*Brief*
With every picture left out, restate the listing below exactly as written.

*Stored data*
>>>

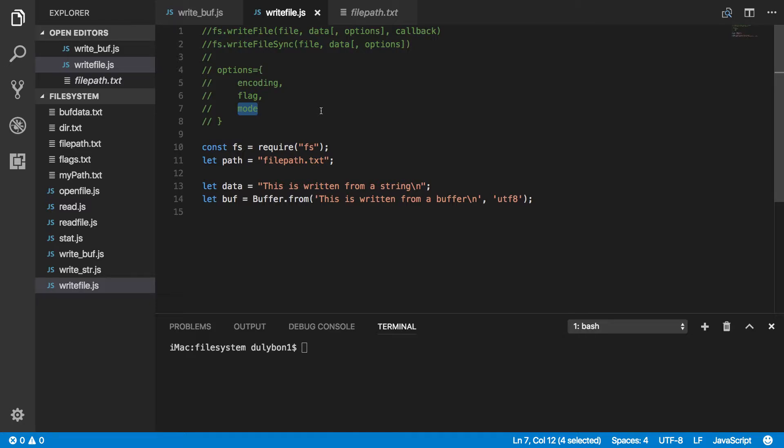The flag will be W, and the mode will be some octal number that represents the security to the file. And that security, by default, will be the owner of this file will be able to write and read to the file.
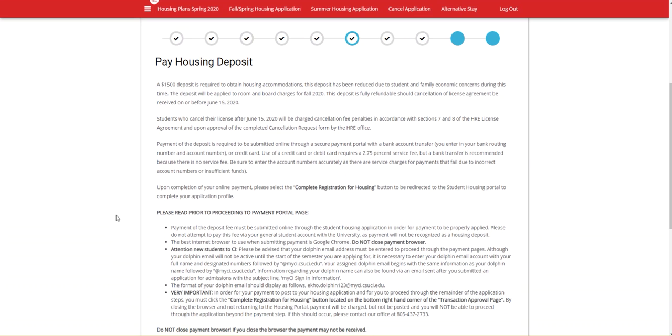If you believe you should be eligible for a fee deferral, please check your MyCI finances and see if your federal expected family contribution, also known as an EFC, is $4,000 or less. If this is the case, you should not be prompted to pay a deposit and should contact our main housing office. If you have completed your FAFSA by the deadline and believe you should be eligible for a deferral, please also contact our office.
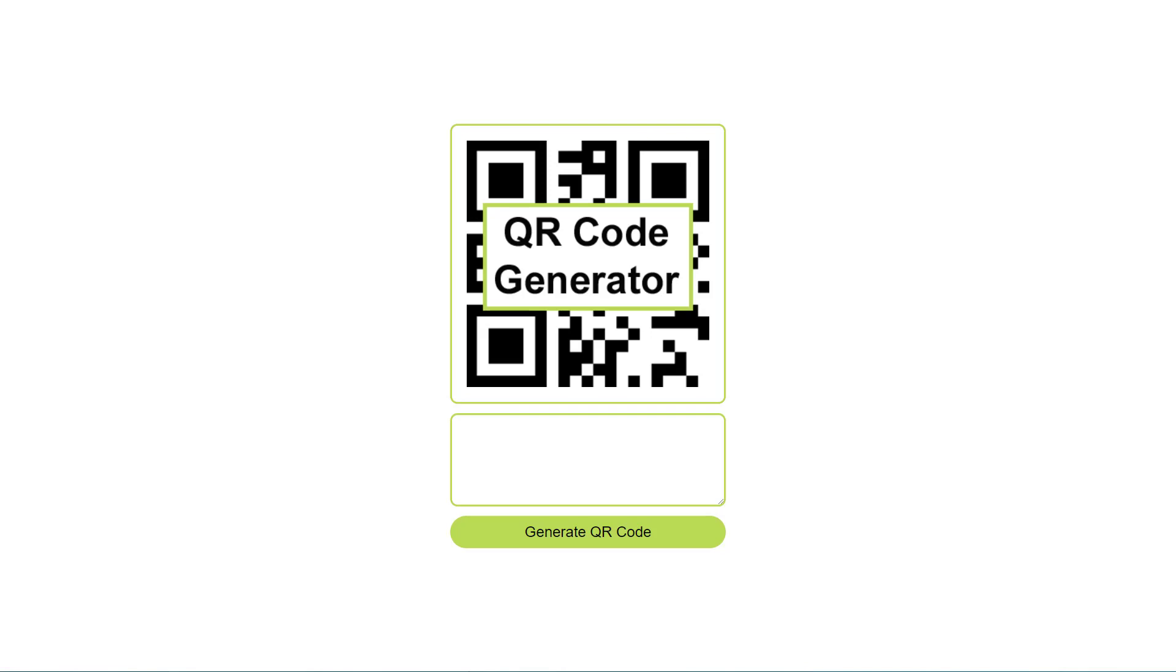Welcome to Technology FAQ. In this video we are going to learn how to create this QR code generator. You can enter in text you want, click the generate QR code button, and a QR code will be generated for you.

<<<

*Result of the task*
The flag will be W, and the mode will be some octal number that represents the security to the file. And that security, by default, will be the owner of this file will be able to write and read to the file.
If you believe you should be eligible for a fee deferral, please check your MyCI finances and see if your federal expected family contribution, also known as an EFC, is $4,000 or less. If this is the case, you should not be prompted to pay a deposit and should contact our main housing office. If you have completed your FAFSA by the deadline and believe you should be eligible for a deferral, please also contact our office.
Welcome to Technology FAQ. In this video we are going to learn how to create this QR code generator. You can enter in text you want, click the generate QR code button, and a QR code will be generated for you.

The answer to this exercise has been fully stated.